Respectfully, I think 'individuals' is doing a lot more work in GP's 'But most of the "investors" buying up property are individuals purchasing investment properties.'

The average 21+ US resident may own 2+ properties but I'd be surprised if the median equivalent owns 1. It kinda hides the equivalent of the top x% of individuals owns y% of the stock market where y is unreasonably disproportionate to most.

I'll add one more data point to the thread;

The timing and pricing of investor selling is different to residents selling.

Residents sell (mostly) for reasons other than profit. They might be moving up, or moving away, or whatever. There's some pressure to "get it done" so they can move on. They can't really afford to "time" the market.

For investors there's much more "buy in the down, sell in the up". Except that it's been going up for a while, so there's no motivation to sell at all. It would be uncommon for them to accept a loss. Even unoccupied it's (mostly) better to hold rather than sell at a loss.

As mentioned elsewhere, overall market penetration by investors differs wildly by market, and segment. So 3% overall might sound low, but 20% of a dwelling type in a specific market is plenty to alter market forces.

I say this as someone who has owned property as an individual, and also worked in a business that invested in property.

  • > there's no motivation to sell at all

    There's a huge motivation - the time value of money. And all the costs of having the house sit there not earning money.

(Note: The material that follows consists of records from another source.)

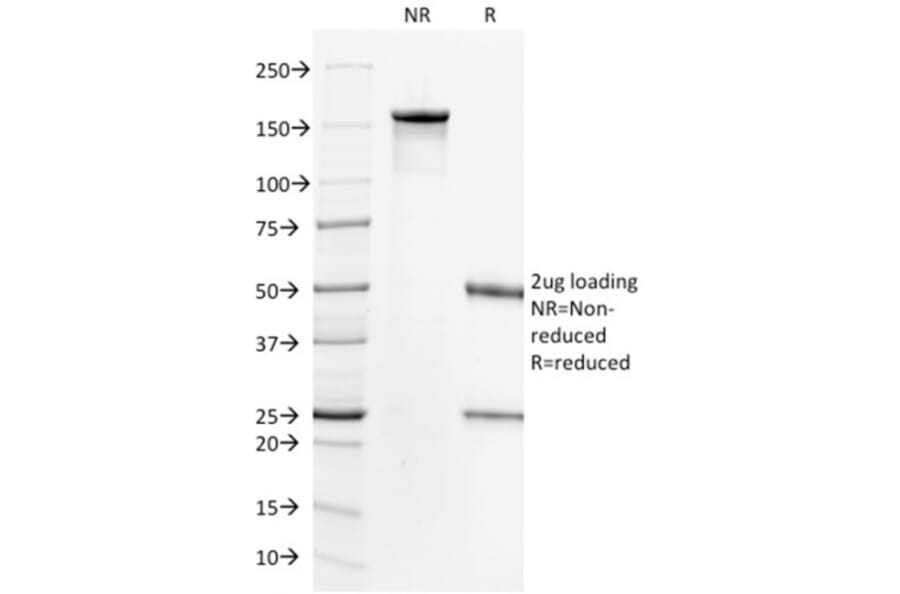 SDS-PAGE - Anti-HER2 Antibody [HRB2/718] (A248455) - Antibodies.com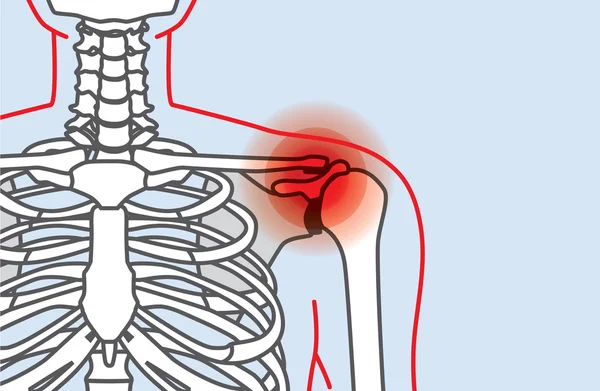 Esquema de dolor en el hombro — Vector de stock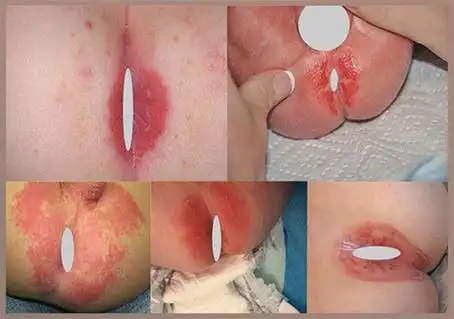 肛门湿疹图片肛门周边红色湿疹图片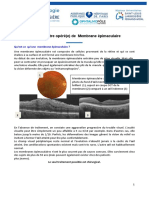 Membrane-epiretinienne.pdf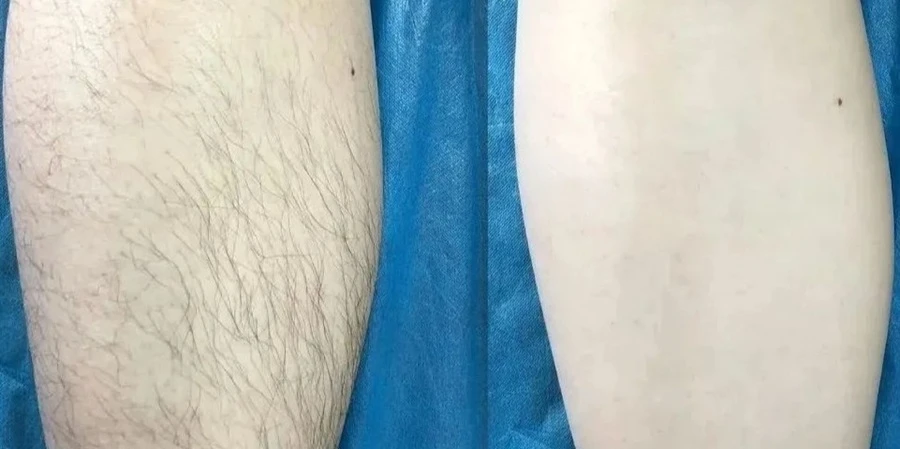 Diode laser leg hair removal before and after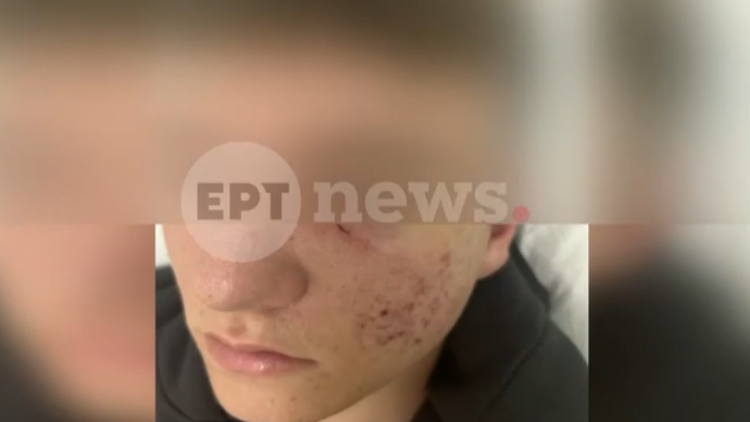 Έστησαν παγίδα και ξυλοκόπησαν 15χρονο στην Ξάνθη - «Έφαγες ξύλο αγόρι μου;» του έστειλαν μήνυμα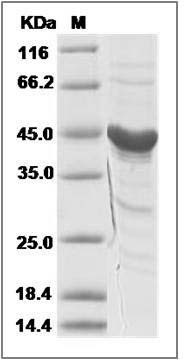 Mouse EphA3 Protein (aa 569-984) SDS-PAGE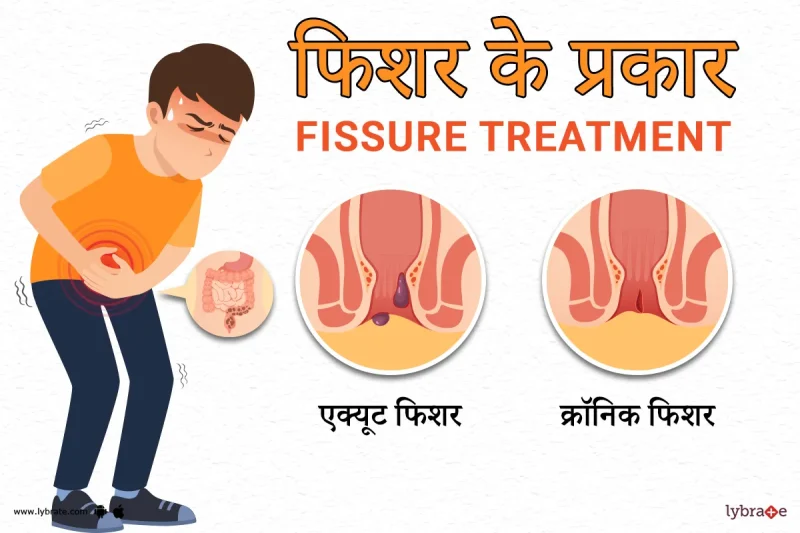 फिस्सुर (Fissure) क्या है? अर्थ, प्रकार और चिकित्सा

    An $800,000 house costs you $150/day in lost income.

    • Returns are better on the lower end of the market, and demand for rent there is higher. Which is why most residential investment is at the bottom end, not the top end.

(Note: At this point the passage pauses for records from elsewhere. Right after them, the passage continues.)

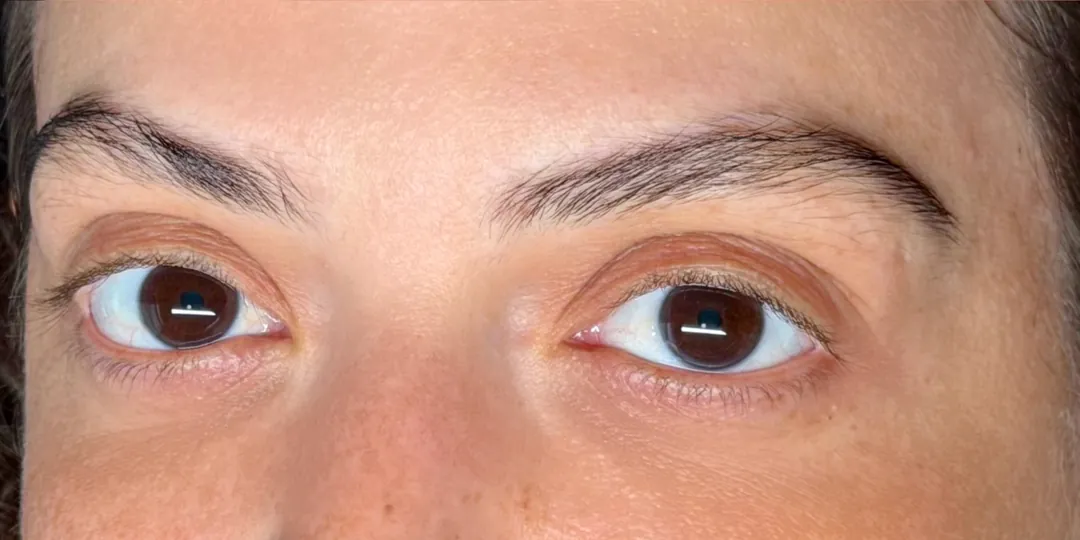 Nanoblading result: soft, natural hair strokes on both brows
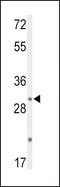 Dual Specificity Phosphatase 2 antibody, 63-775, ProSci, Western Blot image 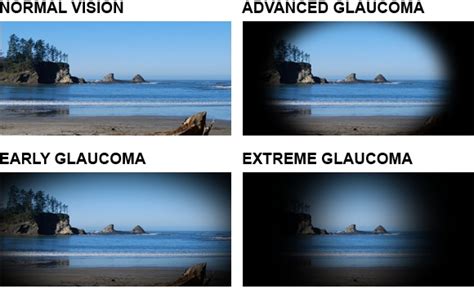glaucoma testing  treatment lees summit eye doctor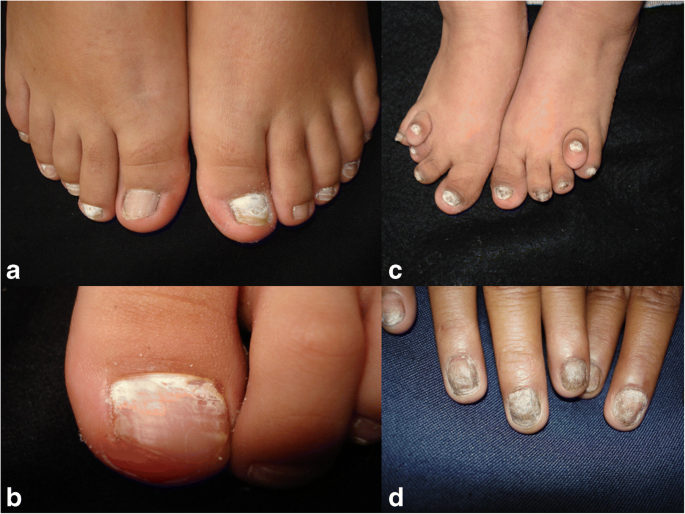 Onychomycosis In Children With Down Syndrome Springerlink
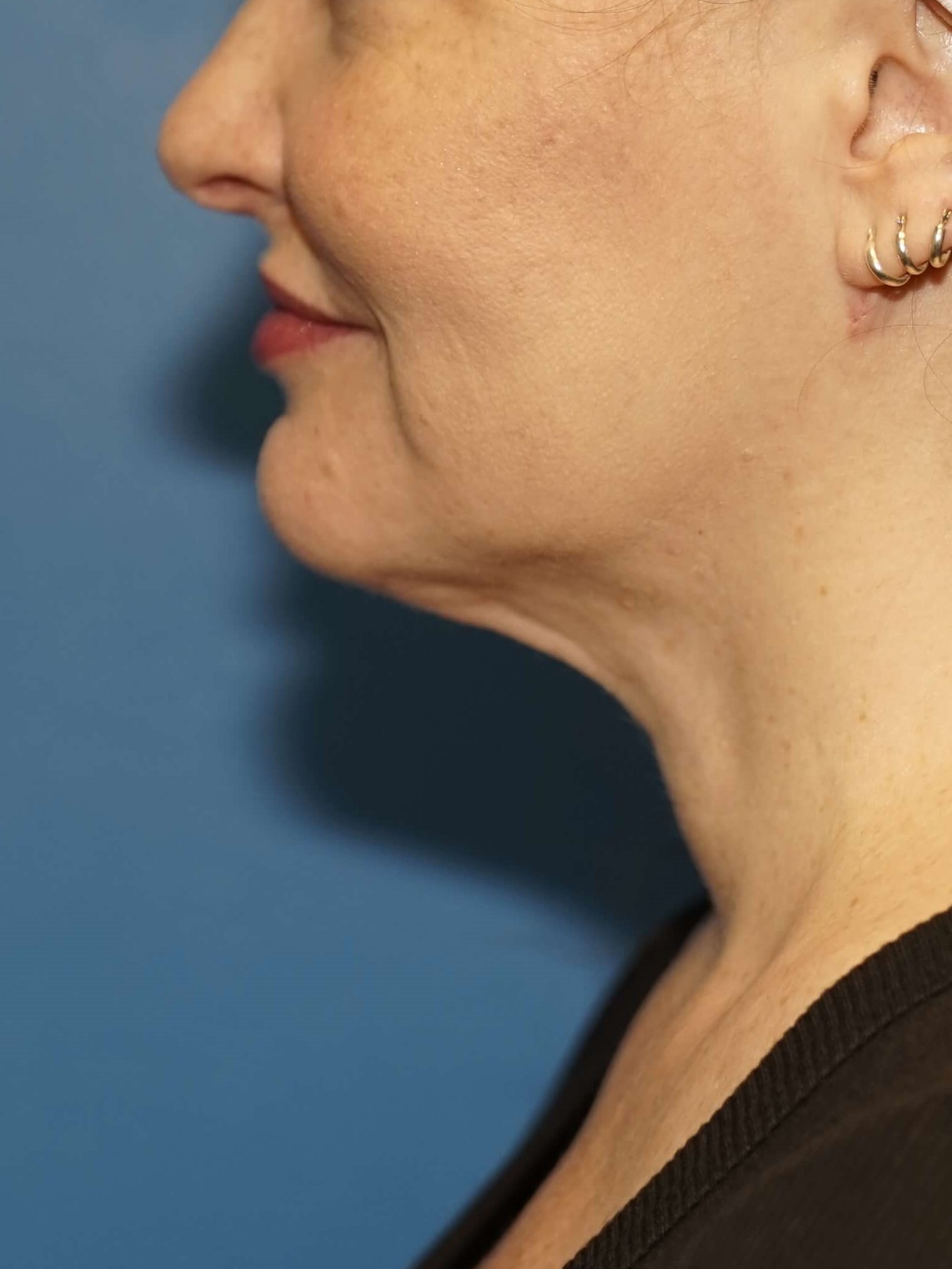 Woman has Neck Liposuction After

      In most markets I'm guessing an 800k house is at the higher end of the market.

      That aside, housing portfolios always plan for a certain amount of unoccupied space. It's built into the model. (That's partly why small investors who own 1 or 2 properties get hit harder by this.)

      Equally, even if the house is empty, there's usually some capital gain going on.

      Investing in property is a long-term investment. The cost of buying, or selling is very high. So it's about getting quality units, in the right market space, and then leveraging that for a decade or more.

      Yes there are lemons. And yes they'll get sold, perhaps at a loss. But being unoccupied for a bit doesn't make it a lemon, and being unoccupied won't necessarily trigger a sale.

      Institutional investors are much more experienced and thus also a lot more likely to not buy lemons in the first place. Most "mom and dad with a second property" investors either inherited a place, kept an earlier property they lived in, or bought another property in their own neighborhood. They're typically gonna make some mistakes along the way.

>but it's still an actual market

It depends on the swing of the market if it's a buyers or sellers market.

In the past there was far more spread in housing prices. These days real estate agents tend to follow a few market making sources for setting those prices, along with personal home sellers looking at 'internet prices'.

>inventory at an inflated price and assume the whole rest of the market will follow you.

When you target particular areas you absolutely can.